Sorti en 1985, LES GOONIES continue de passer sans problème l’épreuve du temps. Si le film de Richard Donner fonctionne toujours aussi bien, c’est parce qu’il réveille des sentiments universels liés à l’enfance, tout en offrant un spectacle total reposant sur un véritable sens de l’artisanat.
Posté par Kevin Romanet le 14 décembre 2020
LES GOONIES ou la célébration de l’enfance

Au-delà d’émouvoir les nostalgiques de l’ère de gloire des productions Amblin, LES GOONIES est encore capable d’impressionner un nouveau public, 35 ans après sa sortie. L’idée de base derrière le film provient de l’esprit de Steven Spielberg, producteur du long-métrage. Les innombrables possibilités qu’offre l’imaginaire des enfants est une thématique que le cinéaste a célébrée tout au long de sa carrière, d’E.T. L’EXTRA-TERRESTRE au BON GROS GÉANT, en passant par HOOK OU LA REVANCHE DU CAPITAINE CROCHET.

Chris Columbus, papa de MAMAN J’AI RATÉ L’AVION et des deux premiers volets de la saga HARRY POTTER, s’est quant à lui chargé de rédiger le scénario, brillamment transposé à l’écran par Richard Donner, réalisateur émérite de LA MALÉDICTION, SUPERMAN et L’ARME FATALE.

Ces spécialistes de l’émerveillement et du divertissement populaire ont rappelé l’importance de l’évasion en embarquant une bande d’adolescents dans une savoureuse histoire de pirates. Poursuivis par les immondes Fratelli, les Goonies se lancent à la recherche du trésor du légendaire Willy le Borgne, dissimulé dans leur charmante ville d’Astoria, dans l’Oregon. Une quête qui ramène les spectateurs âgés à une insouciance envolée, tout en donnant des envies de liberté et d’exploration aux plus jeunes.

Des amitiés indéfectibles

Si LES GOONIES continue d’être célébré et dispose même de sa journée officielle décrétée en 2010 - le 7 juin, soit la date de sortie américaine en 1985 - c’est aussi pour le sentiment de camaraderie qui en émane. Malgré les moqueries qu’ils se lancent, Mikey, Data, Choco, Bagou, Stef, Andy et Brand veillent les uns sur les autres tout au long de leur inoubliable aventure. Leur objectif n’est pas de s’enrichir mais bien de rester ensemble en aidant leurs parents, menacés d’être expulsés d’Astoria.

Richard Donner a réussi à tirer le meilleur de ses acteurs débutants, menés par Sean Astin et Josh Brolin. Pour cela, le réalisateur a misé sur leurs réactions spontanées, en leur cachant par exemple l’imposant bateau de Willy le Borgne jusqu’au tournage de la scène finale. Sean Astin a par ailleurs quasiment improvisé son monologue inquiétant sur le pirate, qu’il raconte dans son grenier. En résulte l’une des nombreuses scènes cultes, aussi drôle qu’intrigante, qui résume parfaitement l’esprit du film.

À l’épreuve du temps

Tourné en majorité dans la ville d’Astoria, où les touristes viennent depuis visiter les décors, LES GOONIES repose sur un sens de l’artisanat lui permettant de passer l’épreuve du temps sans difficulté. 

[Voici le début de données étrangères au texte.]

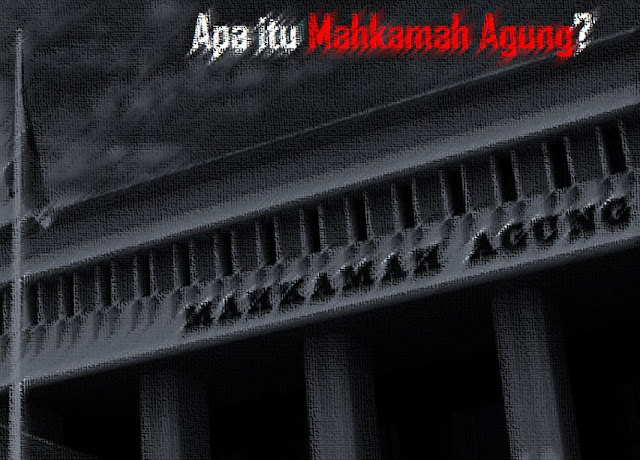 Apa itu Mahkamah Agung - Masa penjajahan belanda, berpengaruh besar dalam peradilan di Indonesia yang saat itu dikenal Hoogerechtshoof sebagai pengadilan tertinggi di jakarta. Namun setelah kemerdekaan pada 19 Agustus 1949 merupakan sejarah terbentuk dan berdirinya Mahkamah Agung yang diketuai oleh Mr. Dr. R.S.E. Koesoemah Atmadja yang saat itu dilantik oleh Presiden Soekarno.  Sejarah asal muasal berdirinya Mahkamah Agung Republik Indonesia itu, pada hari pelantikan ditetapkan sebagai hari jadi Mahkamah Agung, melalui Surat Keputusan KMA/043/SK/VIII/1999 tentang Penetapan Hari Jadi Mahkamah Agung Republik Indonesia.  Pengertian Mahkamah Agung: Apa itu Mahkamah Agung?  Pengertian Mahkamah Agung (disingkat MA) adalah lembaga tertinggi negara dalam sistem ketatanegaraan Indonesia yang merupakan pemegang kekuasaan kehakiman bersama-sama dengan Mahkamah Konstitusi. Mahkamah Agung dipimpin oleh seorang ketua yang dipilih dari dan oleh hakim agung, dan diangkat oleh Presiden yang berdasarkan dari hakim karier dan Non karier, profesional atau akademisi. Mahkamah Agung mempunyai hakim agung sebanyak maksimal 60 orang yang dapat berasal dari sistem karier (hakim), atau dapat tidak sesuai dengan sistem karier dari kalangan profesi atau akademisi. Menurut Pasal 24A angka (1) Undang-undang Dasar 1945 bahwa pengertian Mahkamah Agung adalah sebuah lembaga Negara yang berwenang mengadili pada tingkat kasasi, menguji peraturan perundang-undangan di bawah undangundang terhadap undang-undang, dan mempunyai wewenang lainnya yang diberikan oleh undang-undang. Sedangkan Pengertian Mahkamah Agung Menurut Undang-Undang No. 14 Tahun 1970 Bab III. Pasal 26 ayat (1) dikatakan: �Mahkamah Agung adalah lembaga Tinggi kehakiman atau pengadilan Negara Tertinggi bagi seluruh daerah atau wilayah di Indonesia, berkedudukan di Ibukota Negara R.I. ialah di Jakarta. Berfungsi mengawasi tindakan-tindakan pengadilan yang ada di bawah kekuasaannya adalah: Pengadilan Tinggi dan Pengadilan Negeri. Mahkamah Agung berwenang untuk menyatakan tidak sah semua peraturan perundangundangan dari tingkat yang lebih rendah dari undang-undang atas alasan bertentangan dengan peraturan perundang-undangan yang lebih tinggi. Putusan tentang tidak sahnya peraturan perundang-undangan tersebut dapat diambil berhubung dengan pemeriksaan dalam tingkat kasasi. Pencabutan dari peraturan perundangan dinyatakan tidak sah tersebut, dilakukan oleh instansi yang bersangkutan.� Sedangkan pengertian Mahkamah Agung menurut para ahli dalam hal ini Jimlu Asshideqie. Menurut Jimly Asshideqie berpendapat bahwa Mahkamah Agung adalah puncak perjuangan keadilan bagi seluruh warga Negara sebagai hakikat fungsinya berbeda dengan Mahkamah Konstitusi yang tidak berhubungan dengan tuntutan keadilan bagi warga Negara, melainkan dengan sistem hukum sesuai konstitusi. Tugas Hakim Agung adalah Mengadili dan memutus perkara pada tingkat Kasasi dan Peninjauan Kembali (PK). Kewajiban dan Wewenang Mahkamah Agung  Menurut Undang-Undang Dasar 1945, Pasal 24A dalam Redaksi Interaksara, Amandemen Undang-Undang Dasar 1945, Perubahan pertama, kedua, ketiga dan keempat, (Tangerang: Interaksara: hlm 37) bahwa kewajiban dan wewenang MA adalah:  Memiliki kewenangan dalam mengadili pada tingkat kasasi,  Menguji peraturan perundang-undangan di bawah Undang-Undang, dan memiliki wewenang lainnya yang diberikan dan diatur oleh Undang-Undang.  Memiliki kewenangan dalam mengajukan 3 orang anggota Hakim Konstitusi. Memiliki kewajiban dalam memberikan pertimbangan kepada Presiden dalam memberi grasi dan rehabilitasi. Sesuai penegakan hukum dan peradilan yang ada di negara ini, Hakim Agung mempunyai tugas yang mulia. Tugas hakim agung merupakan sebagai pengawas internal tugas hakim dalam peradilan.  Demikian dinyatakan lantaran hakim agung dalam Mahkamah Agung adalah juga seorang hakim, maka seusia undang-undang, hakim agung memiliki kewenangan dalam melakukan pengawasan terhadap kinerja hakim dalam proses pengadilan, demi hukum dan keadilan.  Tugas dan kewenangan hakim agung ini dalam hal pengawasan diperlukan lantaran hakim sering lalai dalam menjalankan kemandirian kekuasaannya. Terdapat beragam faktor, salah satunya adanya intervensi dari pihak-pihak lain di luar kekuasaan kehakiman seperti birokrat, TNI, maupun pengadilan atasan.  Jika hal demikian terjadi, maka akan berakibat atau berdampak dimana hakim dapat mengambil keputusan dengan unsur keberpihakan terdapat salah satu pihak yang berperaka. Hal demikian, merupakan fakta hukum yang bukan lagi rahasia di negeri ini. Olehnya itu, Hakim Agung memiliki tugas dan fungsi dalam memberikan pengawasan kepada hakim.  Pengawasan terhadap hakim dilakukan oleh Mahkamah Agung, Selain itu terdapat dari Komisi Yudisial. Dalam aspek pengawasan keduanya, memiliki peran pengawasan yang terpisah.  Mahkamah Agung adalah pelaku kekuasaan kehakiman yang menjalankan fungsi pengawasan terhadap hakim secara internal. Sedangkan pengawasan dalam Komisi Yudisial berdasarkan UUD RI Tahun 1945 pasal 24A dan pasal 24b menyembutkan Komisi Yudisial mempunyai wewenang pengawasan eksternal.  Tugas Pokok dan Fungsi Mahkamah Agung  Adapun tugas pokok dan fungsi mahkamah agung antara lain:  1. Fungsi Peradilan  Sebagai Pengadilan Negara Tertinggi, Mahkamah Agung merupakan pengadilan negara tertinggi dalam pengadilan kasasi. MA bertugas dalam memberikan dan membina keseragaman penerapan hukum melalui putusan kasasi dan dalam peninjauan kembali menjaga dengan tujuan agar semua hukum dan undang-undang diseluruh wilayah negara RI diterapkan secara adil, tepat dan benar. Mahkamah Agung memiliki kewenangan dalam memeriksa dan memberikan putusan di tingkat I dan terakhir. Selain itu, sesuai Pasal 28, 29,30,33 dan 34 Undang-undang Mahkamah Agung No. 14 Tahun 1985 bahwa semua sengketa tentang kewenangan mengadili. Permohonan peninjauan kembali atau disebut PK dimana putusan pengadilan yang telah memperoleh kekuatan hukum tetap. Berdasarkan Pasal 33 dan Pasal 78 Undang-undang Mahkamah Agung No 14 Tahun 1985 bahwa keseluruhan sengketa yang timbul disebabkan adanya perampasan kapal asing dan muatannya oleh kapal perang RI sesuai peraturan yang berlaku.  Hubungannya dengan fungsi peradilan yakni hak uji materiil berdasarkan Pasal 31 Undang-undang Mahkamah Agung Nomor 14 Tahun 1985. Maksud dari hak uji materil yaitu wewenang menguji atau menilai secara materiil terhadap peraturan perundangan dibawah Undang-undang tentang hal apakah suatu peraturan dikaji dalam aspek isinya (materinya) bertentangan dengan peraturan dari tingkat yang lebih tinggi.  2. Fungsi Pengawasan  Berdasarkan Pasal 4 dan Pasal 10 Undang-undang Ketentuan Pokok Kekuasaan Nomor 14 Tahun 1970 bahwa Mahkamah Agung melakukan pengawasan tertinggi terhadap jalannya peradilan di keseluruhan lingkungan peradilan dengan tujuan agar peradilan yang dilakukan Pengadilan-pengadilan diselenggarakan dengan seksama dan wajar dengan berpedoman pada azas peradilan yang sederhana, cepat dan biaya ringan, tanpa mengurangi kebebasan Hakim dalam memeriksa dan memutuskan perkara. Mahkamah Agunng juga melakukan pengawasan sesuai Pasal 32 Undang-undang Mahkamah Agung Nomor 14 Tahun 1985) diantaranya terhadap pekerjaan Pengadilan dan tingkah laku para Hakim dan perbuatan Pejabat Pengadilan dalam menjalankan tugas yang berkaitan dengan pelaksanaan tugas pokok Kekuasaan Kehakiman, yakni dalam hal menerima, memeriksa, mengadili, dan menyelesaikan setiap perkara yang diajukan kepadanya, dan meminta keterangan tentang hal-hal yang bersangkutan dengan teknis peradilan serta memberi peringatan, teguran dan petunjuk yang diperlukan tanpa mengurangi kebebasan Hakim. Selain dari pada itu pada Pasal 36 Undang-undang Mahkamah Agung Nomor 14 Tahun 1985 bahwa terhadap Penasehat Hukum dan Notaris sepanjang yang menyangkut peradilan  3. Fungsi Mengatur  Berdasarkan Pasal 27 Undang-undang No.14 Tahun 1970, Pasal 79 Undang-undang No.14 Tahun 1985 bahwa Mahkamah Agung dapat mengatur lebih lanjut terhadap sesuatu hal yang diperlukan demi adanya kelancaran penyelenggaraan peradilan ketika terdapat hal-hal yang belum cukup diatur dalam Undang-undang tentang Mahkamah Agung sebagai pelengkap yang berfungsi untuk mengisi kekurangan atau kekosongan hukum yang diperlukan bagi kelancaran penyelenggaraan peradilan.  Mahkamah Agung dapat membuat peraturan acara sendiri ketika dianggap perlu dalam dan untuk mencukupi hukum acara yang sudah diatur Undang-undang. 4. Fungsi Nasehat  Berdasrakan Pasal 37 Undang-undang Mahkamah Agung No.14 Tahun 1985 bahwa MA memiliki fungsi memberikan nasehat atau pertimbangan dalam hukum kepada Lembaga Tinggi Negara. Sedangkan Pasal 35 Undang-undang Mahkamah Agung No.14 Tahun 1985, MA memiliki fungsi memberikan nasihat kepada Presiden selaku Kepala Negara dalam rangka pemberian atau penolakan grasi. Selanjutnya Perubahan Pertama Undang-undang Dasar Negara RI Tahun 1945 Pasal 14 Ayat (1), Mahkamah Agung diberikan kewenangan untuk memberikan pertimbangan kepada Presiden selaku Kepala Negara selain grasi juga rehabilitasi. Namun demikian, dalam memberikan pertimbangan hukum mengenai rehabilitasi sampai saat ini belum ada peraturan perundang-undangan yang mengatur pelaksanaannya. Mahkamah Agung berwenang meminta keterangan dari dan memberi petunjuk kepada pengadilan disemua lingkunga peradilan dalam rangka pelaksanaan ketentuan Pasal 25 Undang-undang No.14 Tahun 1970 tentang Ketentuan-ketentuan Pokok Kekuasaan Kehakiman. (Pasal 38 Undang-undang No.14 Tahun 1985 tentang Mahkamah Agung). 5. Fungsi Administratif  Badan-badan Peradilan (Peradilan Umum, Peradilan Agama, Peradilan Militer dan Peradilan Tata Usaha Negara) sebagaimana dimaksud Pasal 10 Ayat (1) Undang-undang No.14 Tahun 1970 secara organisatoris, administrative dan finansial sampai saat ini masih berada dibawah Departemen yang bersangkutan, walaupun menurut Pasal 11 (1) Undang-undang Nomor 35 Tahun 1999 sudah dialihkan dibawah kekuasaan Mahkamah Agung. Mahkamah Agung berwenang mengatur tugas serta tanggung jawab, susunan organisasi dan tata kerja Kepaniteraan Pengadilan (Undang-undang No. 35 Tahun 1999 tentang Perubahan Atas Undang-undang No.14 Tahun 1970 tentang Ketentuan-ketentuan Pokok Kekuasaan Kehakiman). 6. Fungsi Lain-Lain  Selain tugas pokok untuk menerima, memeriksa dan mengadili serta menyelesaikan setiap perkara yang diajukan kepadanya, berdasar Pasal 2 ayat (2) Undang-undang Nomor 14 Tahun 1970 serta Pasal 38 Undang-undang Nomor 14 Tahun 1985, Mahkamah Agung dapat diserahi tugas dan kewenangan lain berdasarkan Undang-undang.  Kekuasaan Kehakiman Dalam Mahkamah Agung Berdasarkan pasal 1 butir 8 KUHP disebutkan bahwa Hakim adalah pejabat peradilan negara yang diberi wewenang oleh UndangUndang untuk mengadili. Adapun yang dimaksud dengan mengadili adalah serangkaian tindakan hukum untuk menerima, memeriksa, dan memutuskan perkara pidana berdasarkan asas bebas, jujur, dan tidak memihak di sidang pengadilan dalam hal dan menurut cara yang diatur dalam undang-undang ini. Kehakiman dalam Mahkamah Agung diatur dalam aturan-aturan yang menjadi panutan bagi seluruh hakim. Selain itu, menjadi merdeka dan tidak terintervensi atas pihak manapun di seluruh negeri di Indonesia. Selain itu juga memiliki kekuasaan yang memiliki hubungan antara pemerintah dan legislatif dalam penegakan hukum. Adapun kekuasaan kehakiman dalam mahkamah agung antara lain:  1. Undang-undang Nomor 4 Tahun 2004  Menurut Undang-undang Nomor 4 Tahun 2004 tentang kekuasaan kehakiman, pasal 11 ayat (1), �Mahkamah Agung merupakan pengadilan Negara tertinggi dari keempat lingkungan peradilan sebagaimana dimaksud dalam pasal 10 ayat (2).� Pasal 10 ayat (2) menjelaskan �badan peradilan yang berada di bawah Mahkamah Agung meliputi badan peradilan dalam lingkungan peradilan umum, peradilan agama, peradilan militer dan peradilan tata usaha negara.� 2. Undang-Undang Nomor 14 Tahun 1985  Berdasarkan Pasal 1 dan Pasal 2 Undang-Undang Nomor 14 Tahun 1985 bahwa Mahkamah Agung menyatakan: Pasal 1: Mahkamah Agung adalah Lembaga Tinggi Negara sebagaimana dimaksudkan dalam Ketetapan Majelis Permusyawaratan Rakyat Republik Indonesia Nomor: III/MPR/1978. Sedangkan dalam pasal 2 dijelaskan: Mahkamah Agung adalah Pengadilan Tertinggi dari semua lingkungan peradilan yang dalam melaksanakan tugasnya terlepas dari pengaruh pemerintah dan pengaruh-pengaruh lain. Selanjutnya dalam pasal 3 dikatakan bahwa Mahkamah Agung.  Melihat peran Mahkamah Agung dan tugas serta tanggungjawabnya yang demikian, maka dapat dikatakan bahwa Mahkamah Agung adalah lembaga peradilan tertinggi dalam upaya penegakkan hukum di Indonesia. Perannya dapat menjadi kekuatan bagi seluruh masyarakat Indonesia yang membutuhkan keadilan dalam penegakkan hukum.  Mahkamah Agung juga dapat dapat melakukan pemeriksaan dan dapat memberikan sanksi kode etik kepada hakim yang tidak sesuai/pelanggaran  kode etik perilaku hakim, contohnya terhadap proses peradilan yang diindikasikan sarat dengan muatan korupsi, kolusi dan nepotisme (KKN).  Susunan Struktur Mahkamah Agung  Dalam hal organisasi biasanya juga memiliki susunan struktur begitu juga pada suatu perusahaan. Apalagi dalam suatu peradilan tertinggi di negara republik Indonesia yakni Mahkamah Agung. Sebagai pemegang dan pengadil tertinggi di negeri ini, membutuhkan manajemen dan sumber daya yang kuat untuk menjalankan amanat UUD 1945. Adapun susunan struktur mahkamah agung tersebut antara lain:  1. Pimpinan Mahkamah Agung  Berdasarkan  Keputusan Ketua Mahkamah Agung RI Nomor 50A/KMA/SK/IV/2013 dan juga sistem kamar di Mahkamah Agung, maka terdapat perubahan nomenklatur dalam pimpinan Mahkamah Agung. Adapun struktur dalam pimpinan Mahkamah Agung antara lain:  Ketua Mahkamah Agung  Wakil Ketua Mahkamah Agung Bidang Yudisial  Wakil Ketua Mahkamah Agung Bidang Nonyudisial  Ketua Kamar Perdata  Ketua Kamar Pidana  Ketua Kamar Agama  Ketua Kamar Militer  Ketua Kamar Tata Usaha Negara Ketua Kamar Pembinaan  Ketua Kamar Pengawasan  2. Hakim Anggota Hakim Anggota Mahkamah Agung adalah Hakim Agung. Pada Mahkamah Agung terdapat Hakim Agung sebanyak maksimal 60 orang. Hakim agung dapat berasal dari sistem karier atau sistem non karier. Calon hakim agung diusulkan oleh Komisi Yudisial kepada Dewan Perwakilan Rakyat, untuk kemudian mendapat persetujuan dan ditetapkan sebagai hakim agung oleh Presiden. Tugas Hakim Agung adalah Mengadili dan memutus perkara pada tingkat Kasasi. 3. Kepaniteraan Kepaniteraan Mahkamah Agung mempunyai tugas melaksanakan pemberian dukungan di bidang teknis dan administrasi justisial kepada Majelis Hakim Agung dalam memeriksa, mengadili dan memutus perkara, serta melaksanakan administrasi penyelesaian putusan Mahkamah Agung. Kepaniteraan Mahkamah Agung dipimpin oleh satu orang Panitera dan dibantu oleh 7 Panitera Muda yakni:  Panitera Muda Perdata, Panitera Muda Perdata Khusus Panitera Muda Pidana Panitera Muda Pidana Khusus Panitera Muda Perdata Agama Panitera Muda Pidana Militer Panitera Muda Tata Usaha Negara. Sekretariat Sekretariat Mahkamah Agung dipimpin oleh seorang Sekretaris dan dibantu oleh 6 unit eselon satu yakni : Direktorat Jenderal Badan Peradilan Umum Direktorat Jenderal Badan Peradilan Agama Direktorat Jenderal Badan Peradilan Militer dan Peradilan Tata Usaha Negara Badan Pengawasan Badan Penelitian dan Pengembangan dan Pendidikan dan Pelatihan Hukum dan Peradilan Badan Urusan Administrasi Pengadilan Tingkat Banding Pengadilan tingkat banding yang berada di bawah Mahkamah Agung terdiri : Pengadilan Tinggi Pengadilan Tinggi Agama Pengadilan Tinggi Tata Usaha Negara Pengadilan Militer Utama Pengadilan Militer Tinggi Pengadilan Tingkat Pertama Pengadilan tingkat pertama yang berada di bawah Mahkamah Agung terdiri : Pengadilan Negeri Pengadilan Agama Pengadilan Tata Usaha Negara Pengadilan Militer Kesimpulan:  Kewajidan dan Wewenang Mahkamah Agung Dalam Lingkungan Peradilan Adapaun wewenang Mahkamah Agung dalam lingkungan peradilan yakni:  Memiliki kewenangan dalam meminta keterangan tentang hal-hal yang bersangkutan dengan teknis peradilan dari semua Lingkungan Peradilan.  Memiliki kewenangan dalam melakukan pemeriksaan dan memutuskan sengketa tentang kewenangan mengadili. Memiliki kewenangan dalam melakukan uji secara materiil hanya terhadap peraturan perundang-undangan di bawah undang-undang. Memeriksa dan memutus permohonan peninjauan kembali pada tingkat pertama dan terakhir atas putusan Pengadilan yang telah memperoleh kekuatan hukum tetap.  Memiliki kewenangan dalam melakukan pemeriksaan dan memutuskan terkait adanya permohonan peninjauan kembali putusan Pengadilan yang telah memperoleh kekuatan hukum tetap. Memberi petunjukan , teguran atau peringatan yang dipandang perlu kepada Pengadilan di semua Lingkungan Peradilan, dengan tidak mengurangi kebebasan Hakim dalam memeriksa dan memutus perkara. Memiliki kewenangan dalam melakukan pemeriksaan dan memutuskan atas adanya permohonan kasasi, �terhadap putusan Pengadilan Tingkat Banding atau Tingkat Terakhir dari semua Lingkungan Peradilan�. Tugas Pokok dan Fungsi Mahkamah Agung Adapun tugas pokok dan fungsi mahkamah agung adalah sebagai berikut:  a. Fungsi Peradilan Mahkamah angung menjalan fungsi peradilan. Fungsi peradilan Mahkamah Agung adalah sebagai berikut: Sebagai pengadilan tertinggi di Negara Sebagai pemeriksa sengketa dengan kewenangan untuk mengadili Sebagai pemeriksa peninjauan keputusan pengadilan Sebagai penguji Undang-Undang secara materiil b. Fungsi Pengawasan Fungsi pengawasan Mahkamah Agung yaitu: Sebagai pengawas lingkungan peradilan Sebagai pengawas tindakan pejabat yang memiliki kekuasaan peradilan c. Fungsi Nasehat Fungsi nasehat mahkamah agung yaitu: Sebagai penasehat dan pemberi pertimbangan-pertimbangan di lingkungan hukum. Sebagai pemberi nasehat hukum kepada kepala Negara d. Fungsi mengatur Fungsi mengatur yang dimiliki oleh mahkamah agung yaitu: Sebagai pengatur kelancaran penyelenggaraan peradilan Mahkamah Agung dapat membuat peraturan acara sendiri untuk melengkapi yang telah diatur dalam Undang-Undang. Ilustrasi: Pengertian Mahkamah Agung, Fungsi, Tugas, Wewenang & Susunan Struktur MA Demikianlah informasi mengenai Pengertian Mahkamah Agung, Fungsi, Tugas, Wewenang & Susunan Struktur MA. Semoga informasi ini dapat mengetahui arti penting Mahkamah Agung sebagai peradilan tertinggi di negera Republik Indonesia dan sebagai masyarakat dapat menjadi salah satu aspek yang berperan penting untuk menjalankan hokum dan juga melakukan pengawasan terkait sejumlah institusi di NKRI. Sekian dan terima kasih. Salam Berbagi Teman-Teman.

Le bateau a par exemple été réellement construit, inspiré de celui d’Errol Flynn dans L’AIGLE DES MERS de Michael Curtiz. Autre détail d’importance, le crâne de Willy le Borgne provenait d’un vrai squelette, ce qui explique le dégout des Goonies lorsqu’ils le découvrent. Enfin, le footballeur américain John Matuszak devait patienter pendant cinq heures pour que son maquillage du génial Sinok soit prêt.

À ces éléments extrêmement bien pensés s’ajoutent des références en pagaille, à JAMES BOND, SUPERMAN ou encore GREMLINS. Des monuments de la culture populaire auxquels LES GOONIES s’est naturellement greffé avec les années, qui ne lui ont rien fait perdre de son charme et de sa magie.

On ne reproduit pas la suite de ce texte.